Sur les agents économiques, les anticipations d’inflation et de pénuries ont déjà un effet autoréalisateur : les acheteurs tendent à surstocker afin d’éviter à tout prix, littéralement, la pénurie. Cet effet ne se calmera que lorsque la demande et l’offre se rééquilibreront. Il s’agit de comportements micro-économiques d’acheteurs et de dirigeants d’entreprises, qui me semblent bien plus sensible à leur propre perception de la situation sur leurs approvisionnements qu’aux avertissements du FMI.

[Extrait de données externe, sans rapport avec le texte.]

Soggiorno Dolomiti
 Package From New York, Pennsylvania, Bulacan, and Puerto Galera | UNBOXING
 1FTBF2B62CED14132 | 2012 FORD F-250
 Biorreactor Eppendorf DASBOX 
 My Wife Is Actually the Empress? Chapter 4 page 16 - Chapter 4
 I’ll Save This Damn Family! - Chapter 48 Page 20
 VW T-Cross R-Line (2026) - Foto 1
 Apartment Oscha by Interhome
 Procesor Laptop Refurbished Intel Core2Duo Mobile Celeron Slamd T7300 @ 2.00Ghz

Quant aux Etats, l’impact potentiel d’une hausse des taux d’emprunts sur leur solvabilité devrait être assez limité à court terme. La France, par exemple, emprunte sur huit ans. Elle remplace donc actuellement des emprunts effectués en 2013 à des taux qui étaient en moyenne de 2,2%. Même si les taux devaient augmenter à 0,5% ou même 1%, ce qui est loin d’être le cas aujourd’hui, la charge de la dette continuerait à baisser car les nouveaux emprunts resteraient moins coûteux aux anciens.

Au final, le FMI est dans son rôle d’alerte, mais son influence sur l’évolution future des prix semble modeste, certainement bien moindre que les contraintes économiques réelles auxquelles sont confrontées les entreprises.